TASK DIRECTIONS: Although pictures appear in the data, the answer should contain only the lines from its start through the line with "Fiamma | Women's", written out exactly.

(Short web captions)
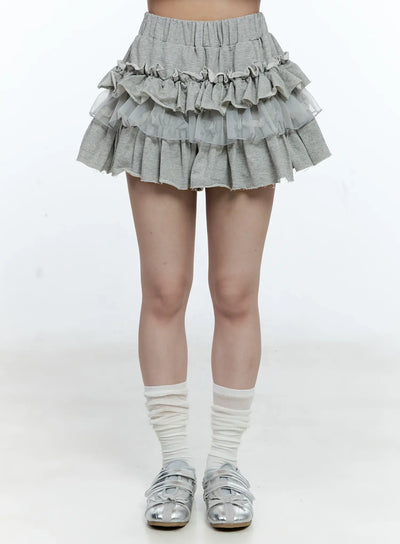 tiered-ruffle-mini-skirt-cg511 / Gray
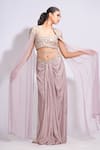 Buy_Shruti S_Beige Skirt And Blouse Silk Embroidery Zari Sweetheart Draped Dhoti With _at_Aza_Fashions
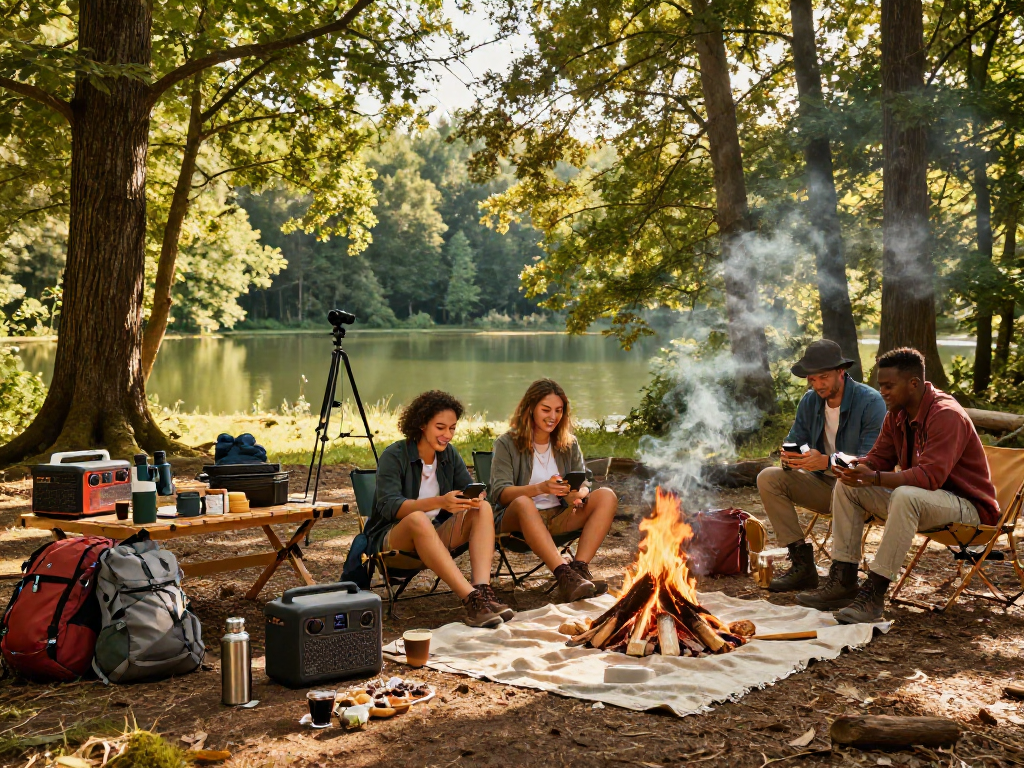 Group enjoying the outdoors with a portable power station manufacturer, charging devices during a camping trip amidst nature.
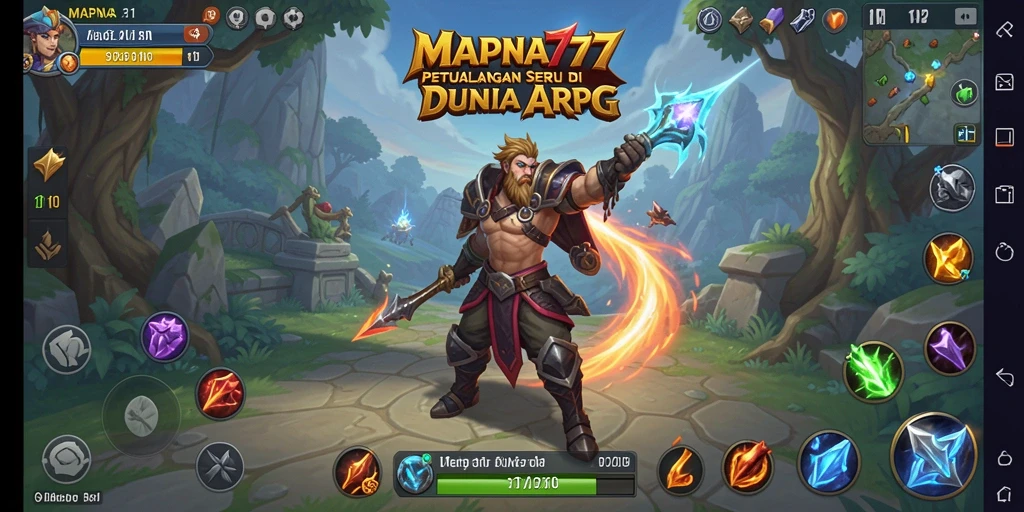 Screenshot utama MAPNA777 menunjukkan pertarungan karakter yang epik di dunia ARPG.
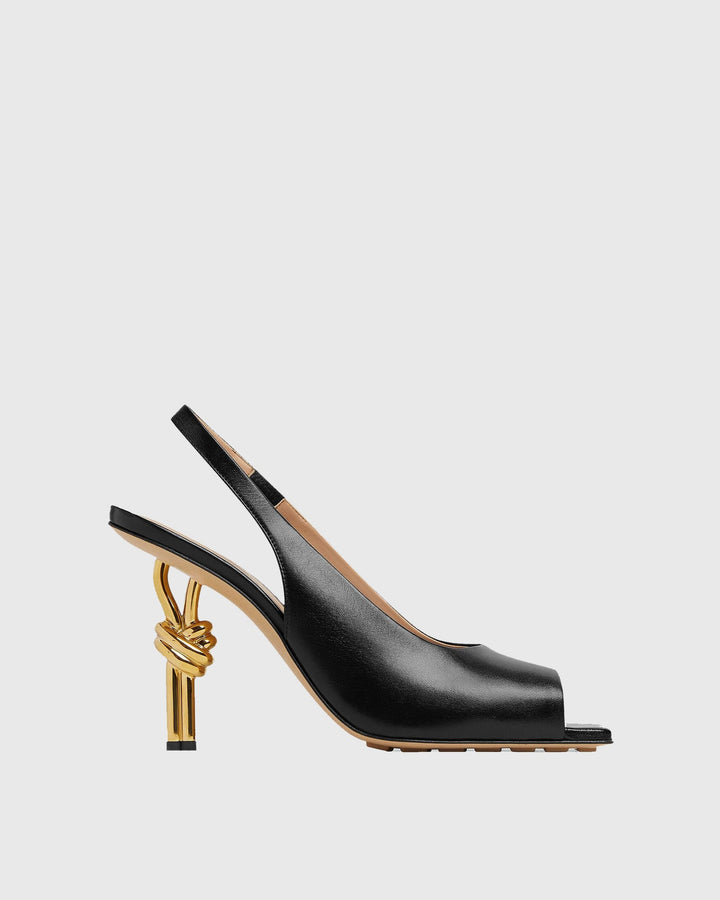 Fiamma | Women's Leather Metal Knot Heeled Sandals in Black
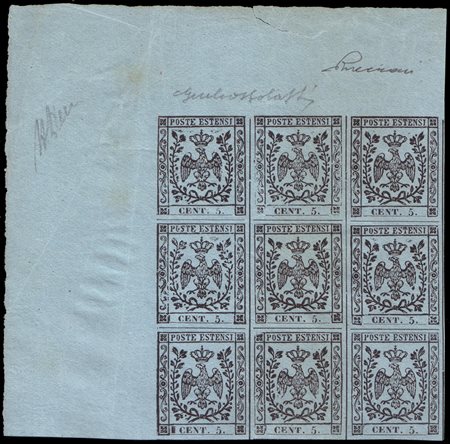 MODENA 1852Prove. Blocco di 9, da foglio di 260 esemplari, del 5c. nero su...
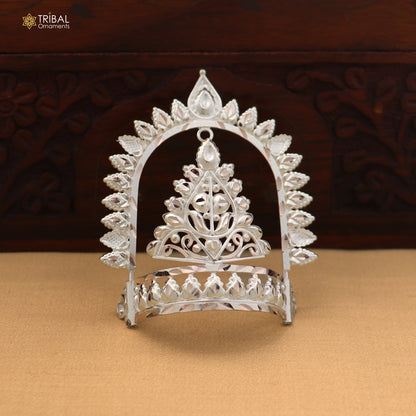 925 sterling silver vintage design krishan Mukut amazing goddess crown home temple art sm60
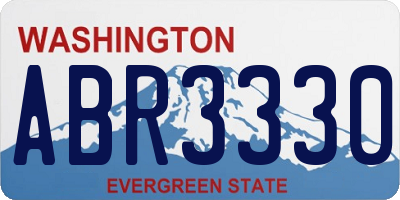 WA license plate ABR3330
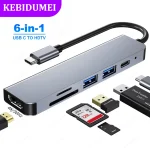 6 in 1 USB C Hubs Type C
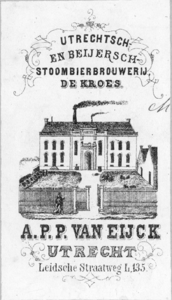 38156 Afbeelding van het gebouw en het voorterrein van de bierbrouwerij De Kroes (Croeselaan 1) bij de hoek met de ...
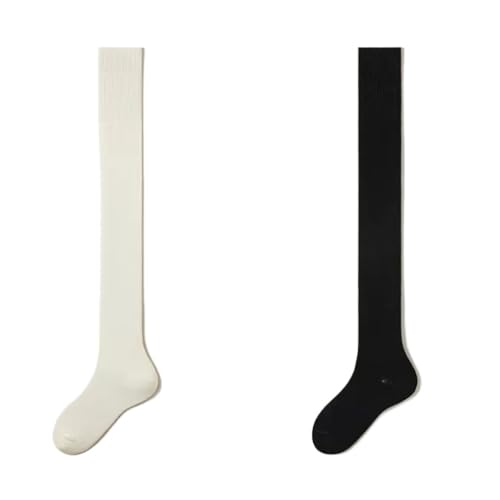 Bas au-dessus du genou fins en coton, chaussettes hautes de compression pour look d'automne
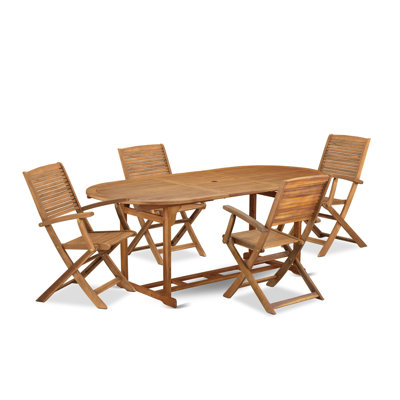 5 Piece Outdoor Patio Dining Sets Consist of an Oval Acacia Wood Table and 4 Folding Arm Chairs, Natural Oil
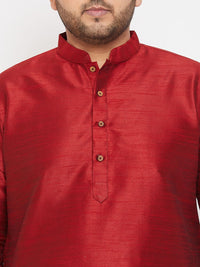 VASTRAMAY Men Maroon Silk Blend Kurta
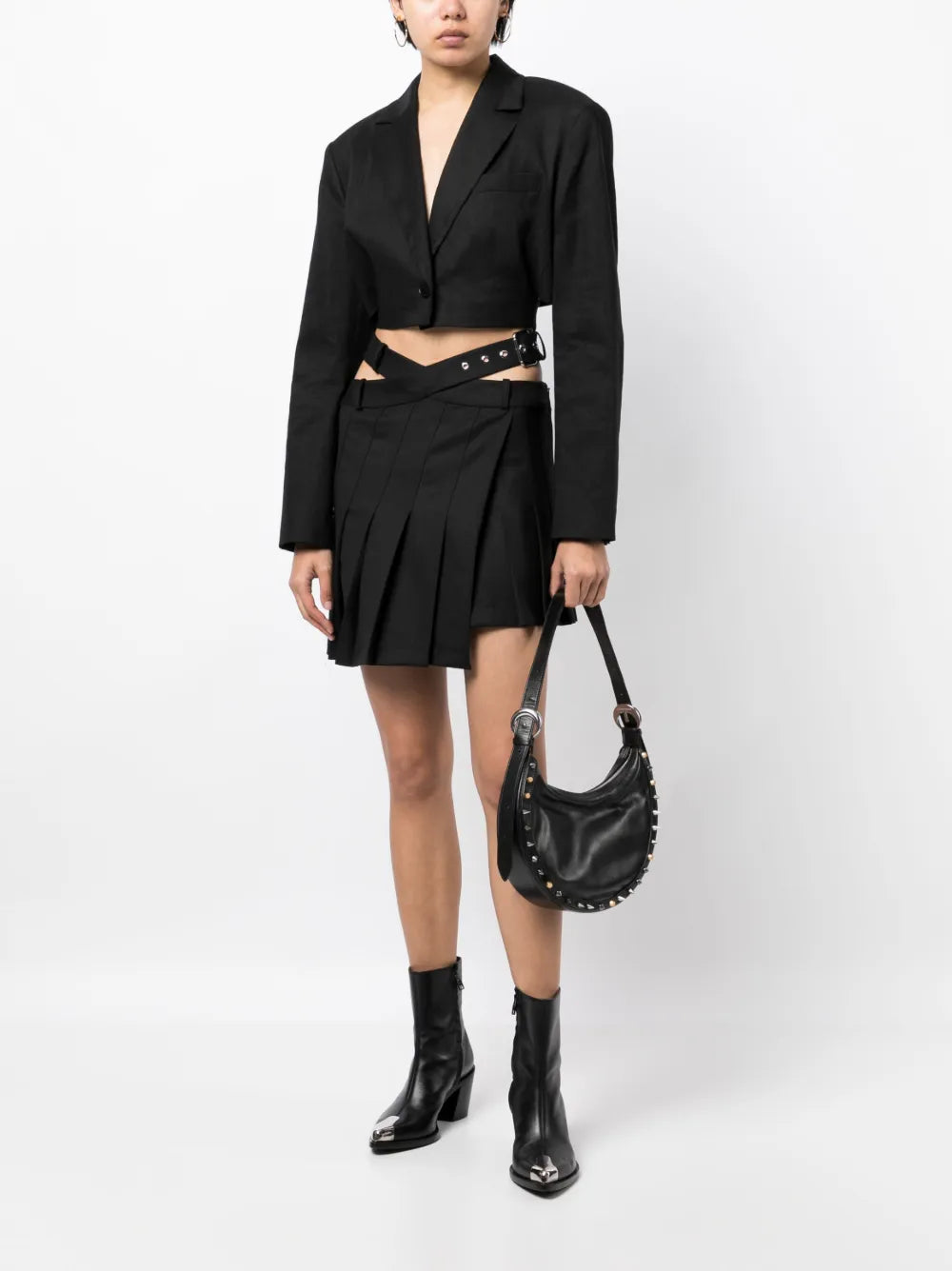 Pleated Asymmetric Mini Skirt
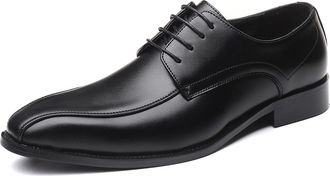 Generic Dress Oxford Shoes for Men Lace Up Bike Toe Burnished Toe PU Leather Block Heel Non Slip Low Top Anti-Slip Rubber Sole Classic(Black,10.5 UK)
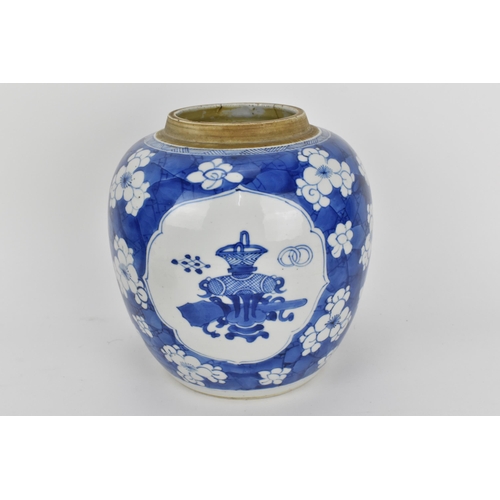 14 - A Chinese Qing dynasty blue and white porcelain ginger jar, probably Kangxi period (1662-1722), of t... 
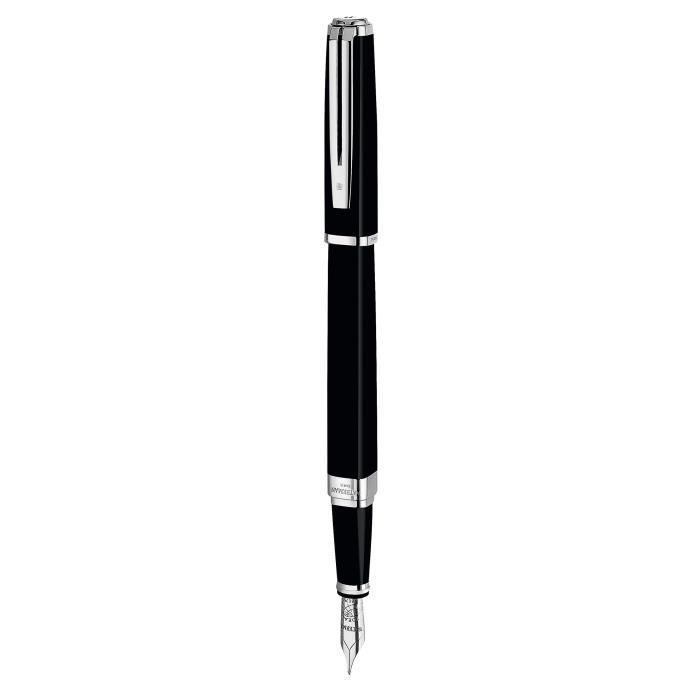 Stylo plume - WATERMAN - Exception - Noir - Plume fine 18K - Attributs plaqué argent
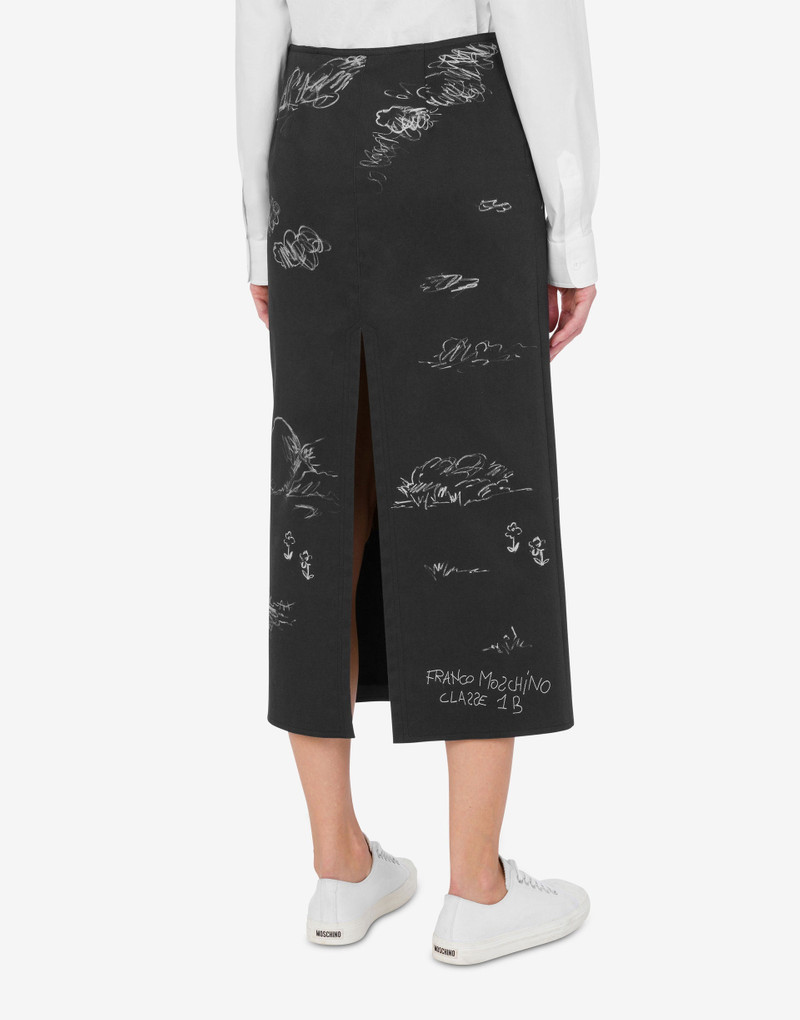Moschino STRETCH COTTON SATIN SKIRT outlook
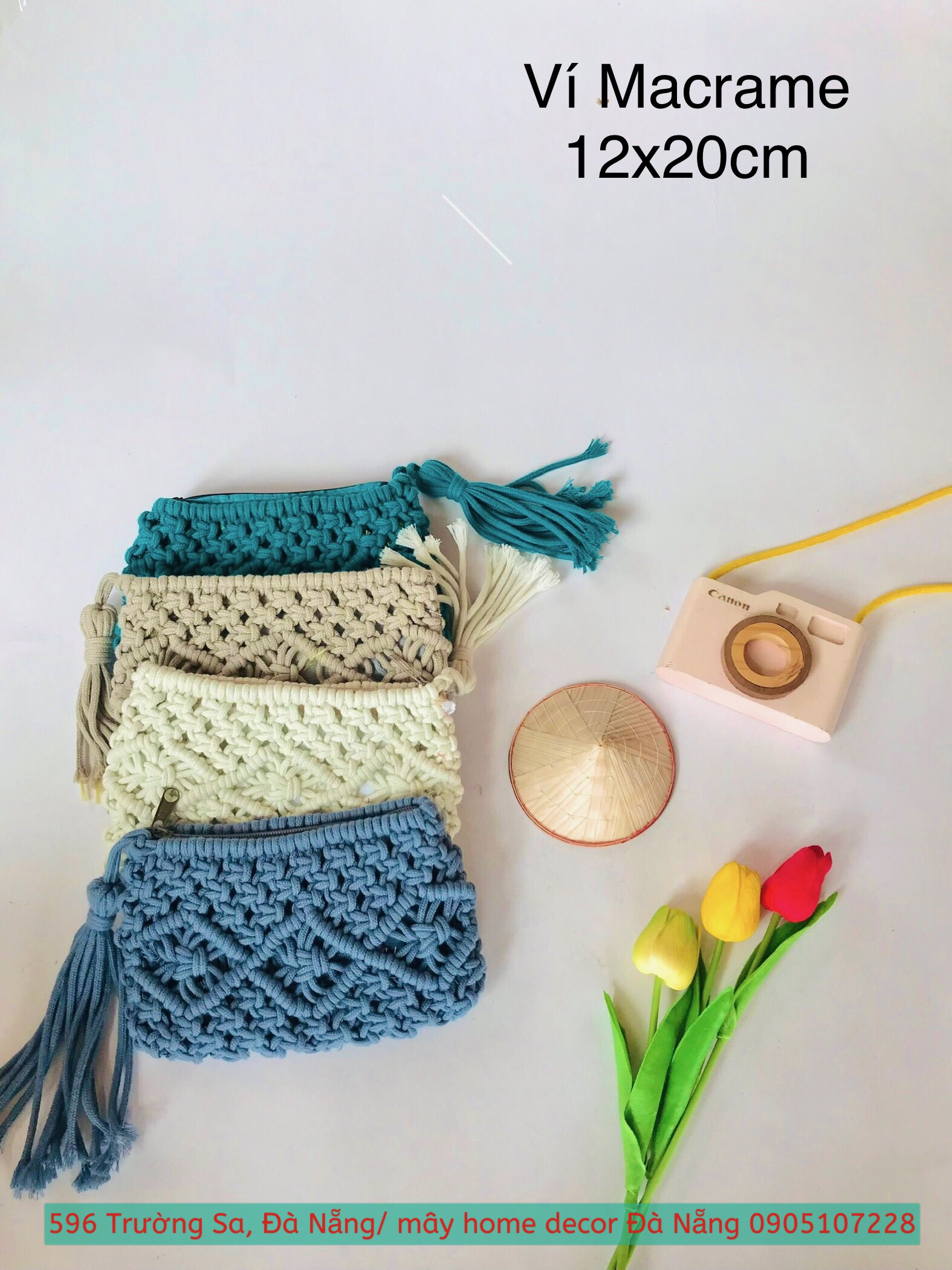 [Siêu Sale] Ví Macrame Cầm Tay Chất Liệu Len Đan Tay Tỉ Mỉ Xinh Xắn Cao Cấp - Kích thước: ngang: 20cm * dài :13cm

RESPONSE FOR THIS EXERCISE:
 tiered-ruffle-mini-skirt-cg511 / Gray
 Buy_Shruti S_Beige Skirt And Blouse Silk Embroidery Zari Sweetheart Draped Dhoti With _at_Aza_Fashions
 Group enjoying the outdoors with a portable power station manufacturer, charging devices during a camping trip amidst nature.
 Screenshot utama MAPNA777 menunjukkan pertarungan karakter yang epik di dunia ARPG.
 Fiamma | Women's Leather Metal Knot Heeled Sandals in Black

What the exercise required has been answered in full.